Throughout, the book is charmingly illustrated and also includes various charts and graphs – I loved the one that looked at seasonings from around the world, for instance. There were also smaller ones, like one that showed different ratios of water-to-rice, depending on what kind of rice you’re planning to cook.
This was one of those engaging nonfiction titles that is both intriguing to read straight through, and also excellent for reference when you need it. While I’m still not an amazing cook, I do find myself thinking more about the balance of my meals, sometimes in small ways. For instance, a few months ago I was making something (honestly can’t remember what) that called for buttermilk, and I just put in milk – well, part of the reason that that doesn’t work is that buttermilk is acidic, so now my recipe was missing not the dairy aspect, but the acidic aspect, causing the recipe to be off-balance.
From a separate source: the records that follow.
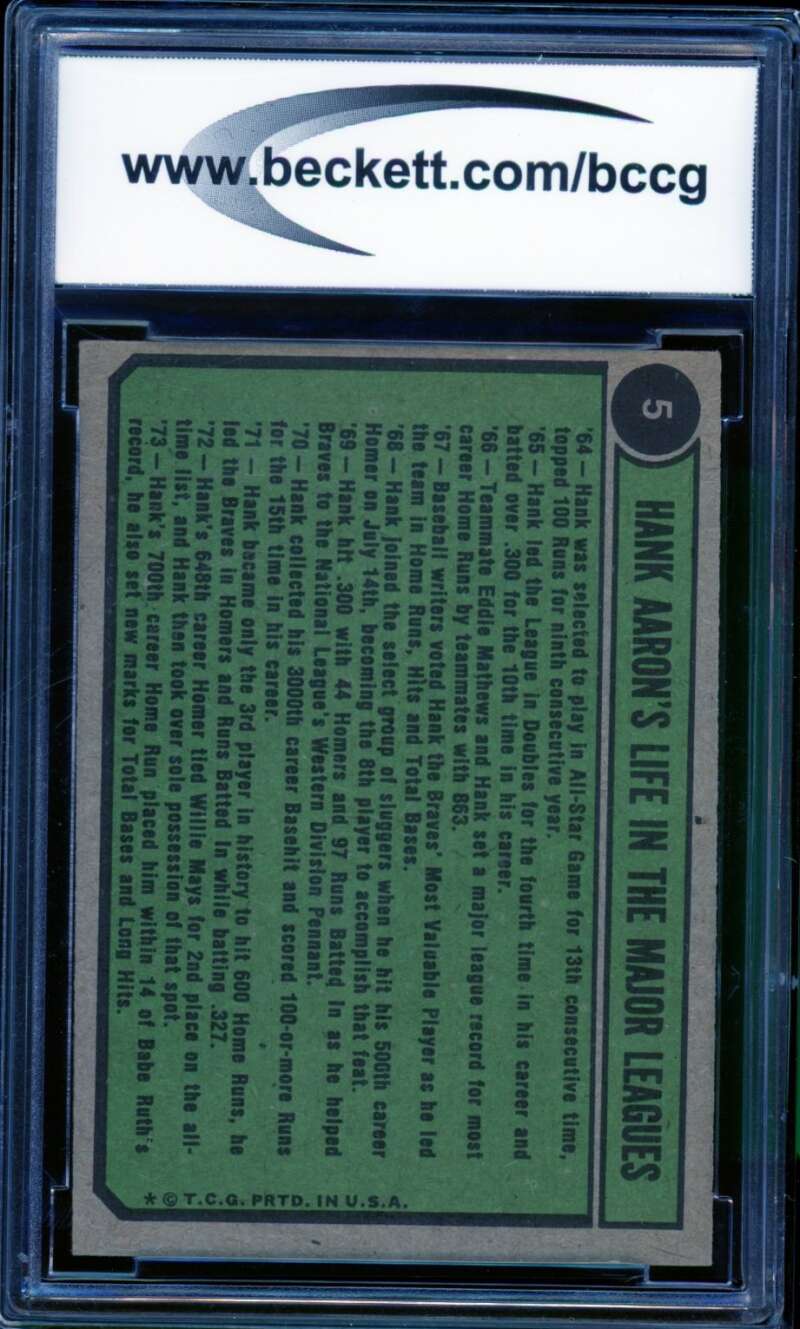 Hank Aaron Special Card 1974 Topps #5 BGS BCCG 8 Image 2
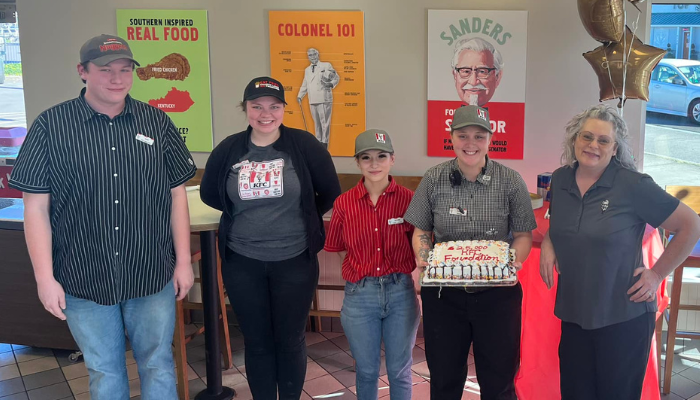 Shanel F. and her restaurant team members celebrated being named the top store in the U.S. for fundraising by hosting an in-store party.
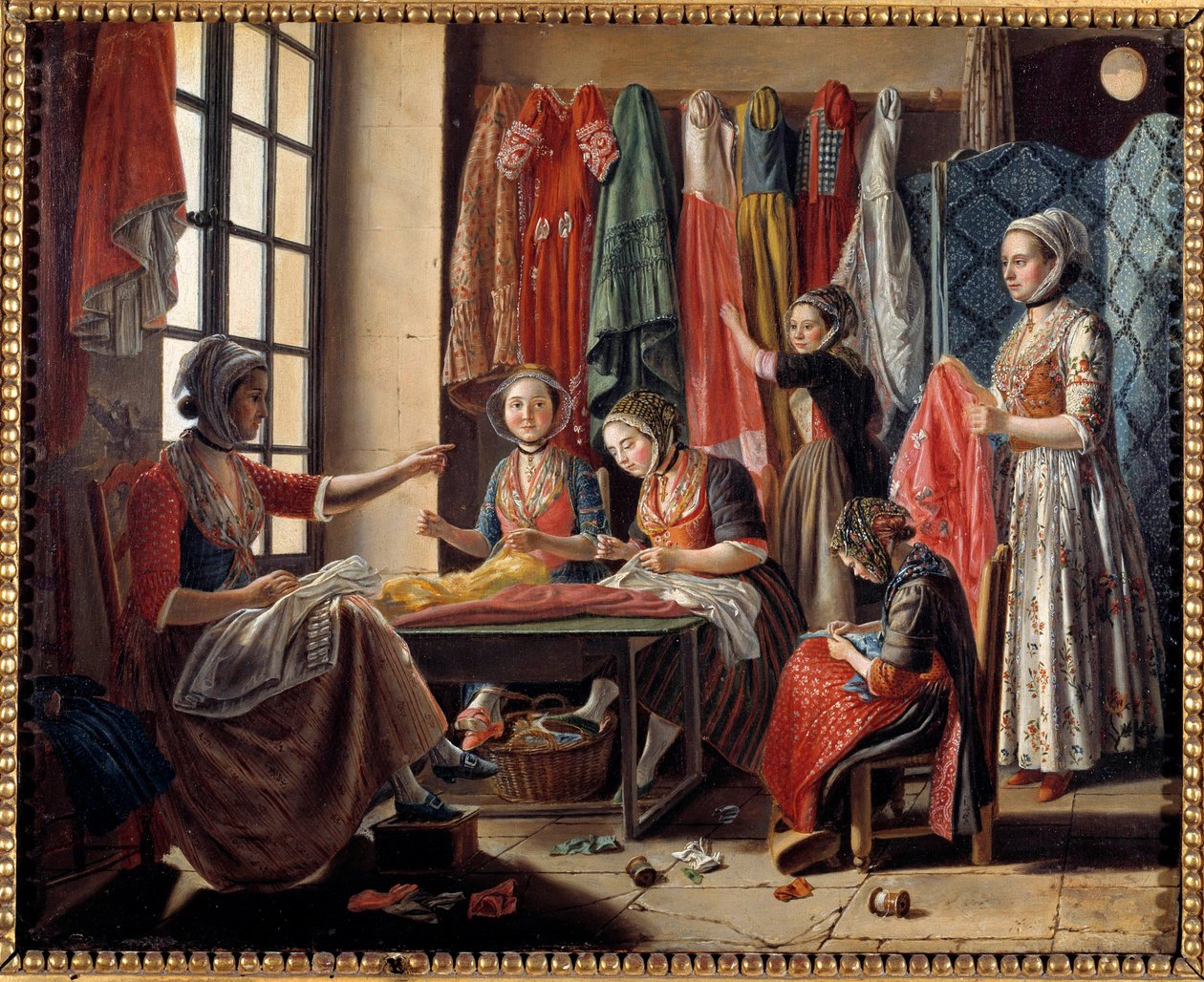 En syverkstad i Arles 1760 Målning av Antoine Raspal (1738-1811) 1760 Arles, Musee Reattu av Antoine Raspal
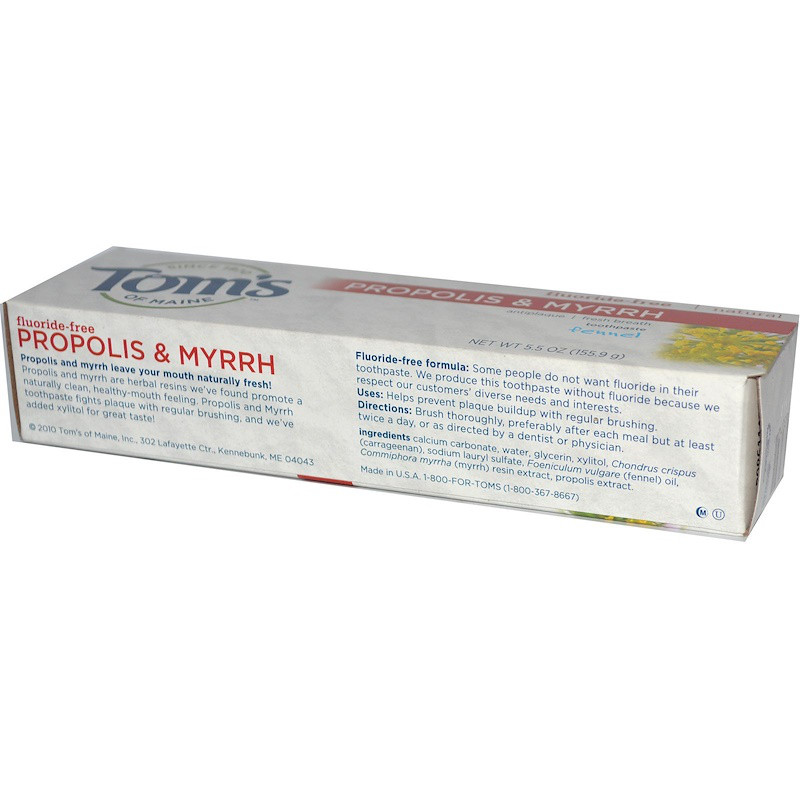 Зубна паста (прополіс, мирра та фенхель), Tom's of Maine, 156 г, фото 1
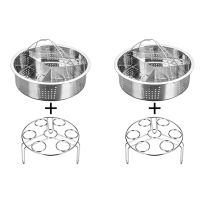 6Pcs/Set Pressure Cooker Accessories Stainless Steel Steam Basket with Egg Steamer Rack, Divider for Kitchen Cooking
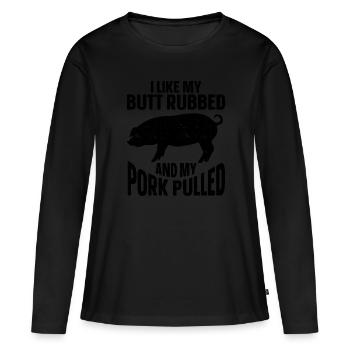 BBQ Pulled Pork Schwein Grill - Frauen Premium Bio Langarmshirt - Schwarz - Vorne - Julia (174cm)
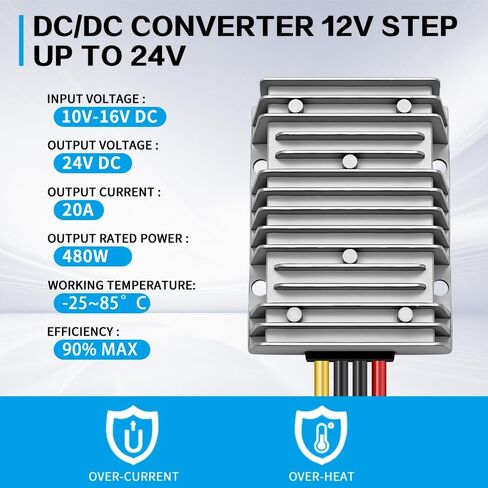 محول DC/DC 12V خطوة تصل إلى 24 فولت ، محول Boost 20A 480W منظم الجهد ، محول 24 فولت ، وحدة مزودة الطاقة بمحول قارب شاحنة السيارة in Kuwait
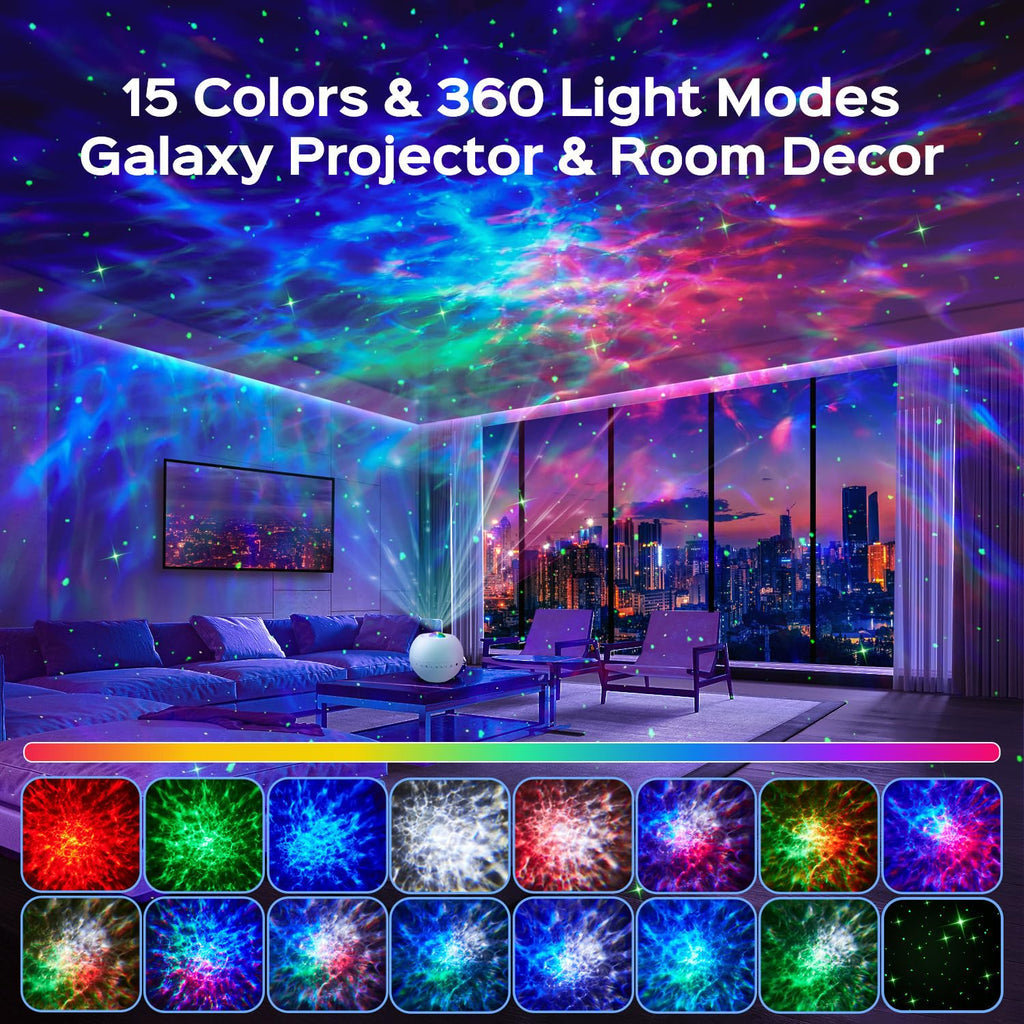 One Fire 360 Game Lights Galaxy Projector Gaming Accessories Gaming Room Decor Green Star Bluetooth Speaker+15 White Noise Man Cave Accessories Cool Gifts for Men Birthday Gift Cool Stuff for Teen Boy - Flex Gamingproduct_type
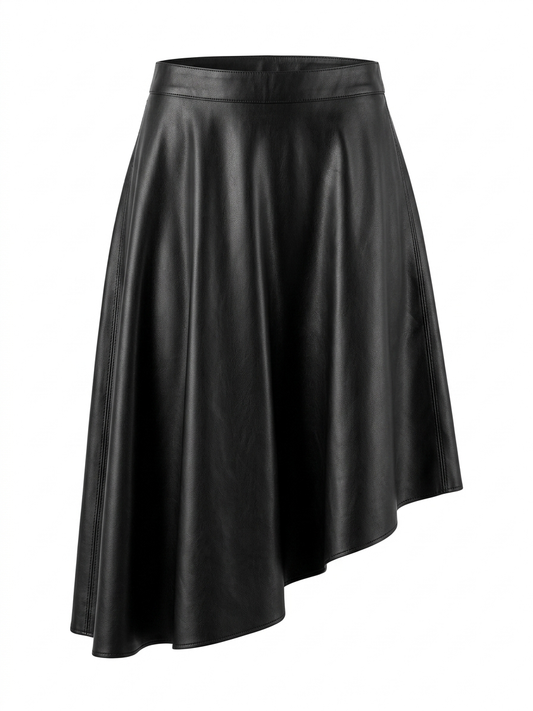 Jupe cuir femme asymétrique noire coupe oblique premium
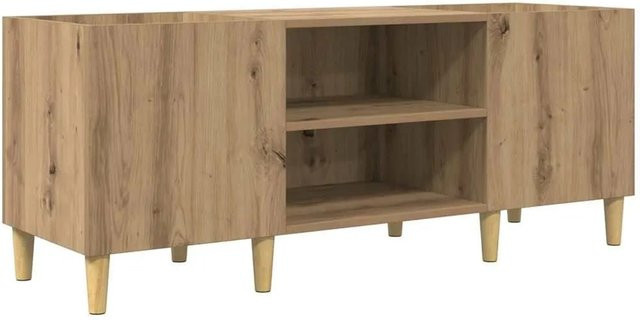 vidaXL Schallplattenschrank Artisan-Eiche in Braun mit Türen und Regalböden, B/T/H: 121 x 38 x 48 cm - Bild 1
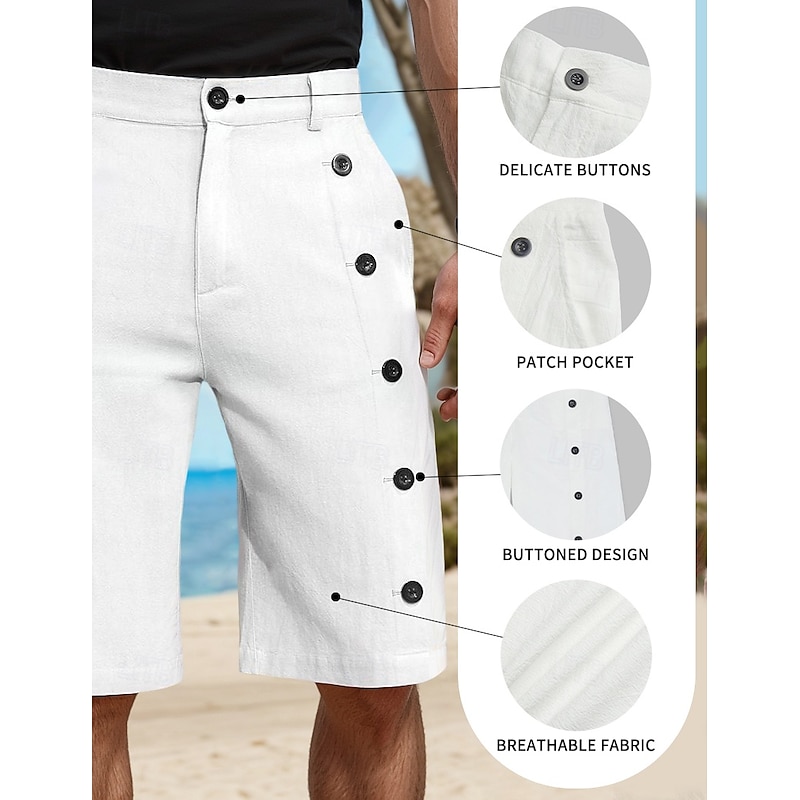 Men's Shorts Linen Shorts Summer Shorts Pocket Side Button Straight Leg Solid Color Comfort Breathable Knee Length Casual Daily Vacation Fashion White Green Inelastic2
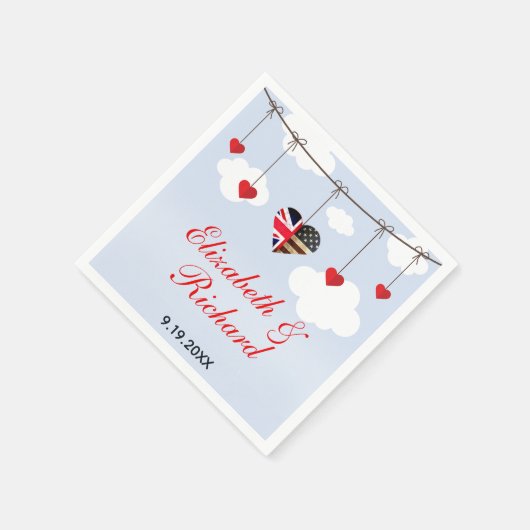 アメリカとイギリスの国旗のハート結婚ズ スタンダードカクテルナプキン (角)
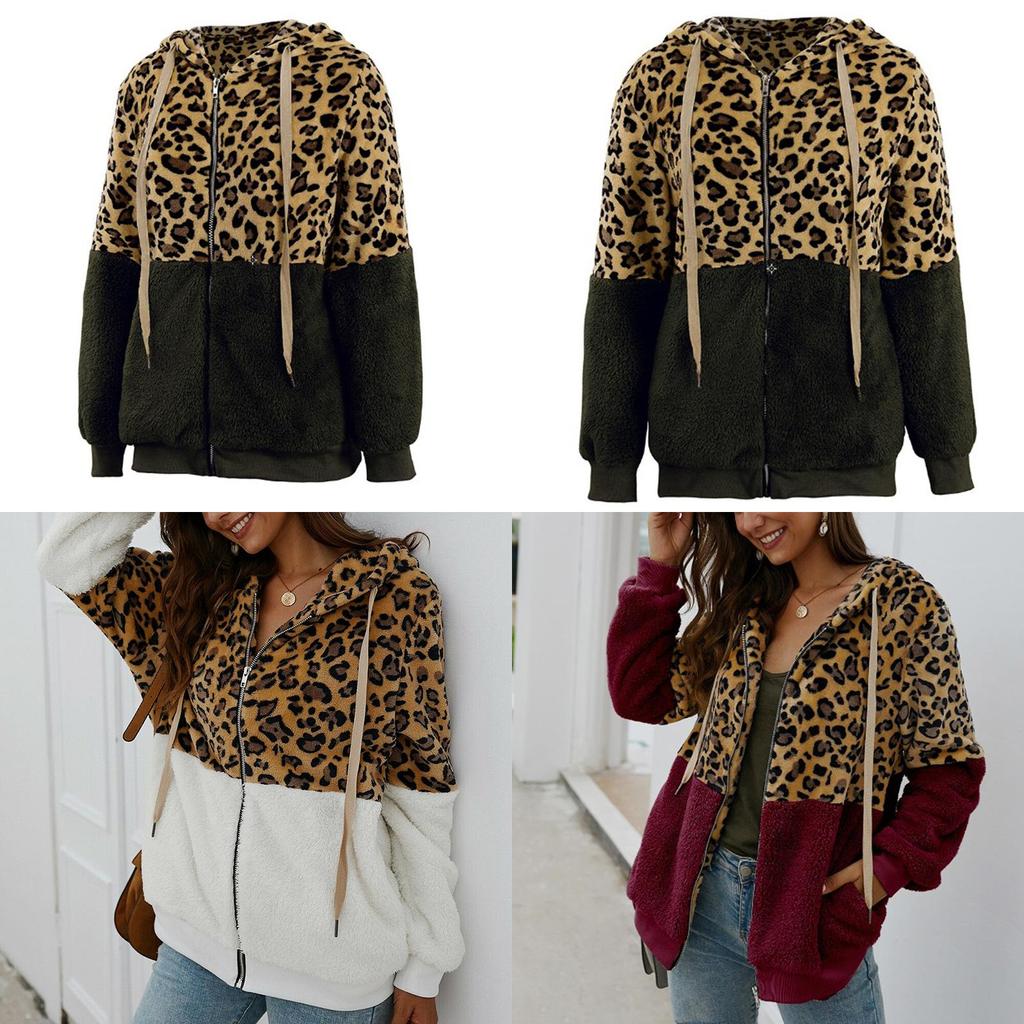 Stylish Women Bear Hooded Jackets With Cozy Fleece And Trendy Leopard Print Design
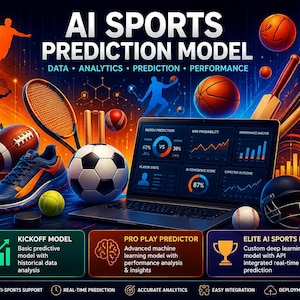 Peut inclure: Un ordinateur portable affichant un tableau de bord de prédiction sportive par IA entouré d'équipements sportifs comme un ballon de football, un ballon de rugby, une raquette de tennis et une batte de cricket. Texte : AI SPORTS PREDICTION MODEL, KICKOFF MODEL, PRO PLAY PREDICTOR, ELITE AI SPORTS ENGINE.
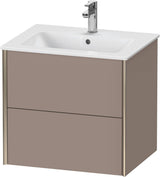DURAVIT XViu Waschtischunterbau wandhängend 610 mm, 2 Schubkästen, weiß matt – ohne Griff, mit Tip-On-Technik
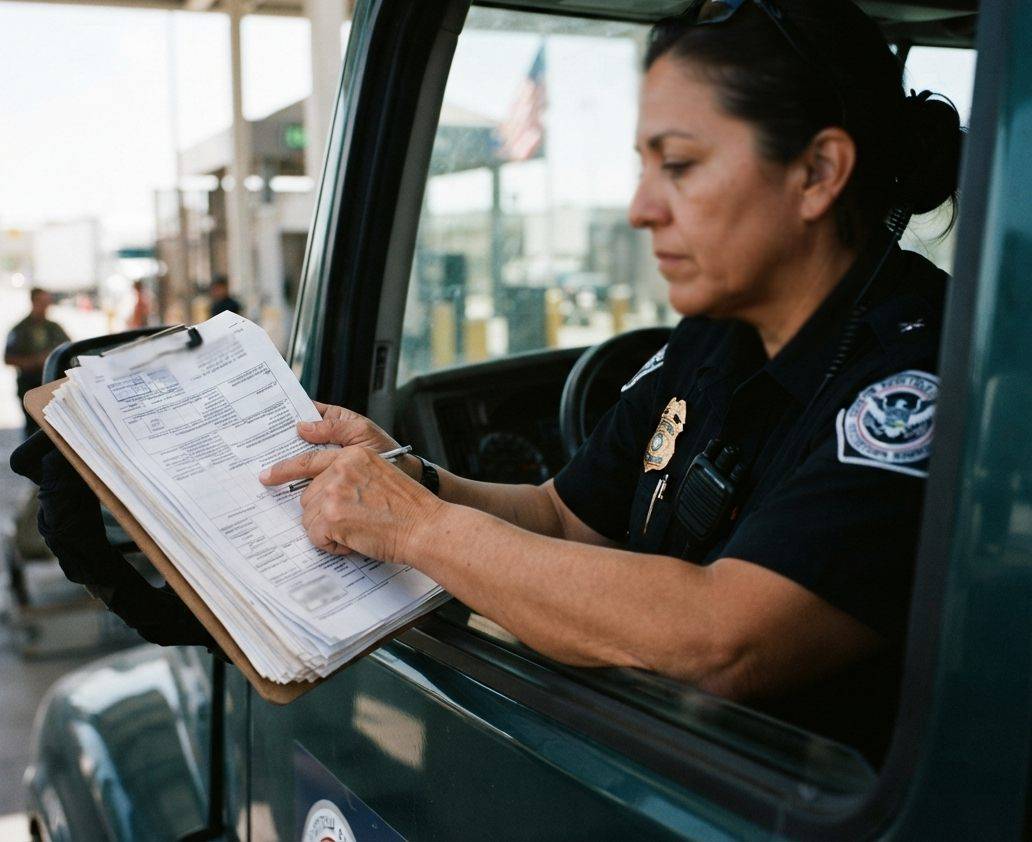 A logistics worker reviews trade compliance paperwork at a desk near a shipping dock.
I’m never going to be a skilled chef, but thanks to Nosrat I do feel like I’ve added a few more concepts to my bag of possibilities. While the recipes in this book aren’t terribly practical, the ideas behind them explain why some recipes work and others don’t, and why my meals frequently come across as bland – something that I can now work on fixing.
PS – Apparently Nosrat also has a cooking show of some kind. I’ve heard it’s amazing, but haven’t watched it myself!